For a short time, it seemed that childcare might be understood as critical, not only to mothers, or to children, but to families — the same parliamentary debate also posited that childcare might also lead to fewer separations and divorces, many of which might be traced to couples drifting apart under the pressure of women providing 24/7 childcare. The film Five and Under closed with the female narrator looking forward to the end of wartime, and the health and education centres which would be ‘part of the new Britain which we women must help build for our children’ in a post-war world. And much of the welfare state, laid out in the Beveridge Report and built by the Attlee government, did make lives better for Britain’s children: universal healthcare, family allowances, new school buildings, and better education provision.

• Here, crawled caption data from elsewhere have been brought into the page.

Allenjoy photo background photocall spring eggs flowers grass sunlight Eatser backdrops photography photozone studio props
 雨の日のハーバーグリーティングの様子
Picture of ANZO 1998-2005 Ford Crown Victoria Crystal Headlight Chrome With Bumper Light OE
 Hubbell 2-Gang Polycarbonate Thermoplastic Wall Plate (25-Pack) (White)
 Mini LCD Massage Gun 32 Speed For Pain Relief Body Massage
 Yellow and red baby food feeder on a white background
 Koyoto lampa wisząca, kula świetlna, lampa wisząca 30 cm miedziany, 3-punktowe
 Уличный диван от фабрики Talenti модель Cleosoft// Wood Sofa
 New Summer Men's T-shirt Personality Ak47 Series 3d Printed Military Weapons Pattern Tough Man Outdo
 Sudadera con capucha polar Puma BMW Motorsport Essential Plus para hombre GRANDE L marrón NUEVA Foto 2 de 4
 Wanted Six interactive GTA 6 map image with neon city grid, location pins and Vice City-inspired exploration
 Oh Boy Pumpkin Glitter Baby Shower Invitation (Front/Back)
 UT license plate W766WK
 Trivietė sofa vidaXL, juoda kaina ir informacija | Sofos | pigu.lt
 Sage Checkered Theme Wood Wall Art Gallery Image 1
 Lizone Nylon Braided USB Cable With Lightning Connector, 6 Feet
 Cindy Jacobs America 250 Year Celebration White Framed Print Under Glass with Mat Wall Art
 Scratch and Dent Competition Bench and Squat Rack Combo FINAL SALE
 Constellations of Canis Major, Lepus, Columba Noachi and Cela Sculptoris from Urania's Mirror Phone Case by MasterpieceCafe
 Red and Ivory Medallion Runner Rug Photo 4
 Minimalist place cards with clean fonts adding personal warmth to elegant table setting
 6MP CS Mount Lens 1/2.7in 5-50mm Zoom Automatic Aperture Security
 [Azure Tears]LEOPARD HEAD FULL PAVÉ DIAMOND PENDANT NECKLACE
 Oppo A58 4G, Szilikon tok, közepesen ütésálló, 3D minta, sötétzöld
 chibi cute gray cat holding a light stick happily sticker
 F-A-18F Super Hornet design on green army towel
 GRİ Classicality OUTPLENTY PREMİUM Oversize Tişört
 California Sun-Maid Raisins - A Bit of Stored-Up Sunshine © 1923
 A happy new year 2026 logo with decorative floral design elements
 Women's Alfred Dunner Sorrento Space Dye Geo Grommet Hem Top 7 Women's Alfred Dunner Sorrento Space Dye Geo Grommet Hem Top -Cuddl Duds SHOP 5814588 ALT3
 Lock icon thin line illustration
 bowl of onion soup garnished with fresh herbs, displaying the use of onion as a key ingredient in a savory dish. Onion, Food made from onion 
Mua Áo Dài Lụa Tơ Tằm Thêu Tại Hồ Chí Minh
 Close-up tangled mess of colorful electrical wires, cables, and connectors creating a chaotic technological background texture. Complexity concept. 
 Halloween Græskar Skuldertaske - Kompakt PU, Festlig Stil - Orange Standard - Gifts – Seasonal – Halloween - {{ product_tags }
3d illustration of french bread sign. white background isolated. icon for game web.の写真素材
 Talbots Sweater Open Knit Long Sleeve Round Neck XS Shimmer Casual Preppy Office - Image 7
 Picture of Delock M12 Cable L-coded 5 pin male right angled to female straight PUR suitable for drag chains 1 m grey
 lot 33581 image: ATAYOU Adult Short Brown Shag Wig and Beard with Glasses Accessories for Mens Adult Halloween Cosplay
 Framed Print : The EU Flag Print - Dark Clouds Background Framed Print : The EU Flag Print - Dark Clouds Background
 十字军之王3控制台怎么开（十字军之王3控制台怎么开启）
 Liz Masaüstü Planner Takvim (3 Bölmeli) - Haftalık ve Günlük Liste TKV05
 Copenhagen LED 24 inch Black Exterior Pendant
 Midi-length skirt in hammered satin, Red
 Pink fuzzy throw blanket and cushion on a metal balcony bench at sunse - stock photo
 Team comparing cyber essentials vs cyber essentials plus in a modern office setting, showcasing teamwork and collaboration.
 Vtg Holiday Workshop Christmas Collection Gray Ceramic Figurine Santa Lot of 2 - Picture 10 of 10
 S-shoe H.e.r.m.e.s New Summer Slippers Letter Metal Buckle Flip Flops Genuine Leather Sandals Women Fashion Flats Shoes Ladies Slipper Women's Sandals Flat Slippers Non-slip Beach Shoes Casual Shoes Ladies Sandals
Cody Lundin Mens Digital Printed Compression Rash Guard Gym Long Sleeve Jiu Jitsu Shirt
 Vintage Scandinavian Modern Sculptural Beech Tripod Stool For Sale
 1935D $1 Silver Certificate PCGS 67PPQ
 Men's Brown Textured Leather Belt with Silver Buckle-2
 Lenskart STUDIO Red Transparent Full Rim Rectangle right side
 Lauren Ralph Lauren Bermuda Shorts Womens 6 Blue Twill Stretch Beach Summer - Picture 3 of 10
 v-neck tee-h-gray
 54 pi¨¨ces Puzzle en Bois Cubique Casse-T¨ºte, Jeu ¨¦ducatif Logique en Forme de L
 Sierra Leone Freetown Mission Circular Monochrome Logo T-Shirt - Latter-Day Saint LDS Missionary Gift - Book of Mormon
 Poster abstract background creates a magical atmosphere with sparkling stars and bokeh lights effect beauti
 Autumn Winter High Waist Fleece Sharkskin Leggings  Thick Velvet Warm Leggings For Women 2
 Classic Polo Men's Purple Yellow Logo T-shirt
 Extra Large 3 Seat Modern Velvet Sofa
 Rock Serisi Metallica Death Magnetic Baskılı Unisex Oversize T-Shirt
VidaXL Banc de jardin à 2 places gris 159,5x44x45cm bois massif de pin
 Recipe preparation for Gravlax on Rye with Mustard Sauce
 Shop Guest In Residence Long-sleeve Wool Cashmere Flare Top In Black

But childcare was not part of this new welfare state. In fact, the Attlee government’s approach to mothers was rather regressive. The famous ‘Labour For…’ series of posters featured few women, with one featured notably on the Labour for Homes poster with the tagline ‘She can’t make a home until she gets one’; mothers were treated very much as domestic beings, positioned in the welfare state as providers and carers without much sense that they might enjoy any agency of their own. At the war’s end, the Department of Health grant that enabled day nurseries to subsidise provision was ended; a hotchpotch of public and private childcare places sprang up, and their legacy is the eye-watering expense of privatised childcare in Britain today. The war, briefly, showed a moment when the state cared about what else mothers might want to do with their lives; the Attlee government, and subsequent British governments, shut down those possibilities for many women.